Data extract:
* * * *

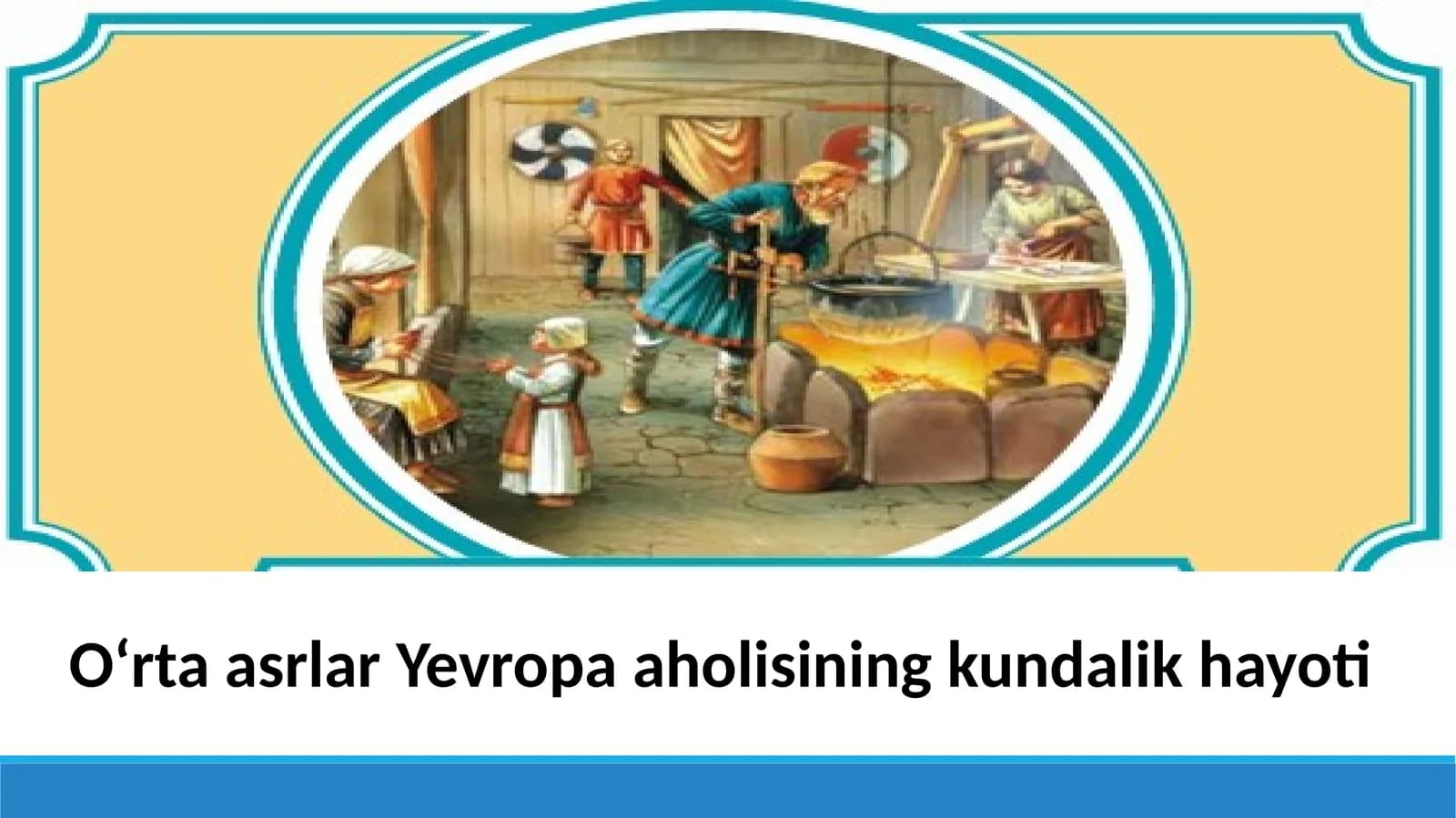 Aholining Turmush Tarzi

* * * *

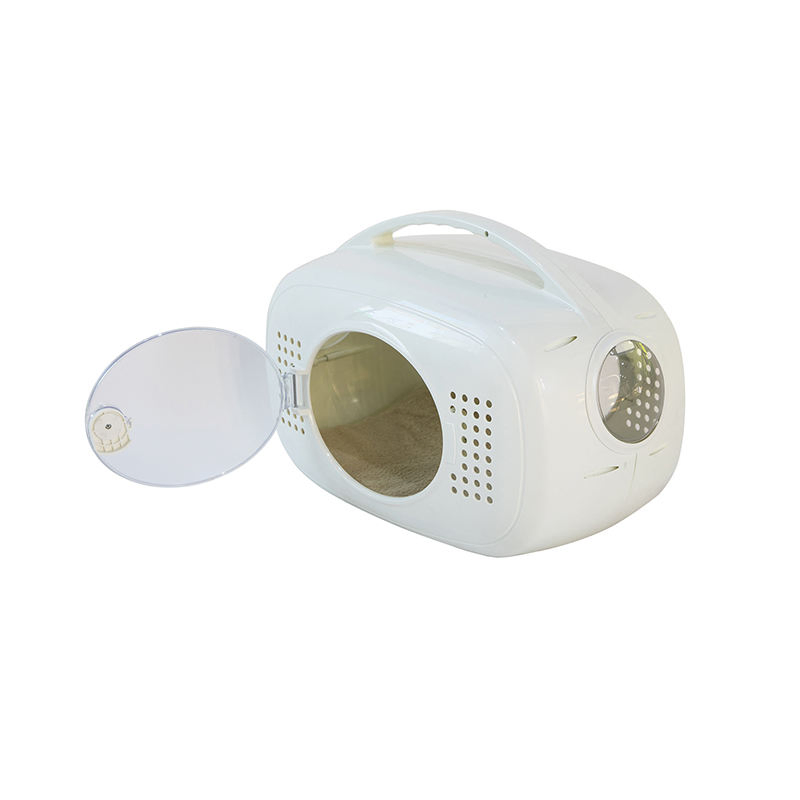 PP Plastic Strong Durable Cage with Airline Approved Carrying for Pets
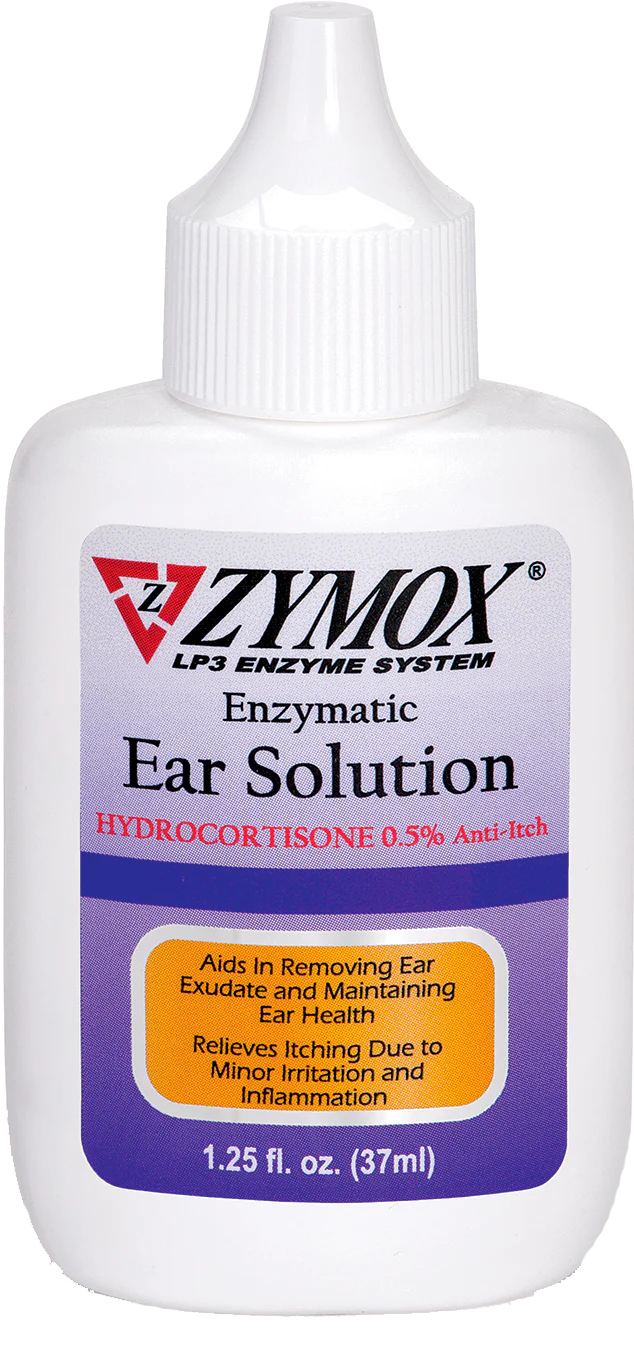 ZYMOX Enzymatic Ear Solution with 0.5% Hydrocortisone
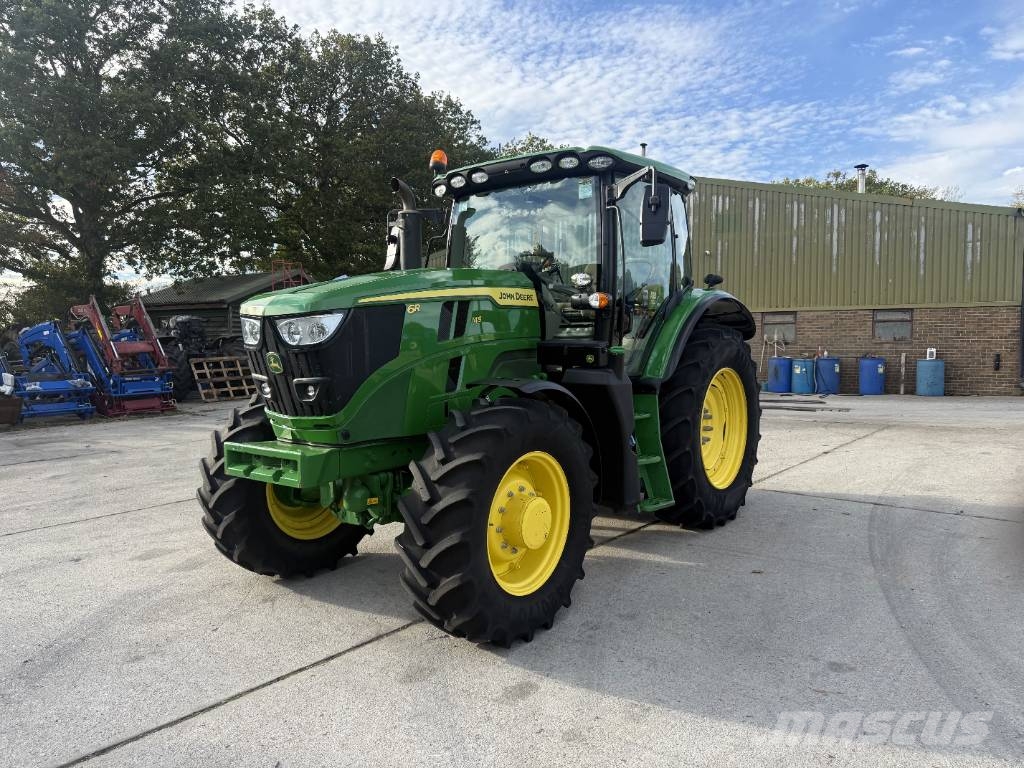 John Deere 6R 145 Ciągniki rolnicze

* * * *

What to do:
Repeat exactly the stretch of the listing above that starts with the line holding "PP Plastic Strong" and finishes with the line holding "John Deere 6R 145 Ciągniki rolnicze", both included. Skip every picture.

Final answer:
 PP Plastic Strong Durable Cage with Airline Approved Carrying for Pets
 ZYMOX Enzymatic Ear Solution with 0.5% Hydrocortisone
 John Deere 6R 145 Ciągniki rolnicze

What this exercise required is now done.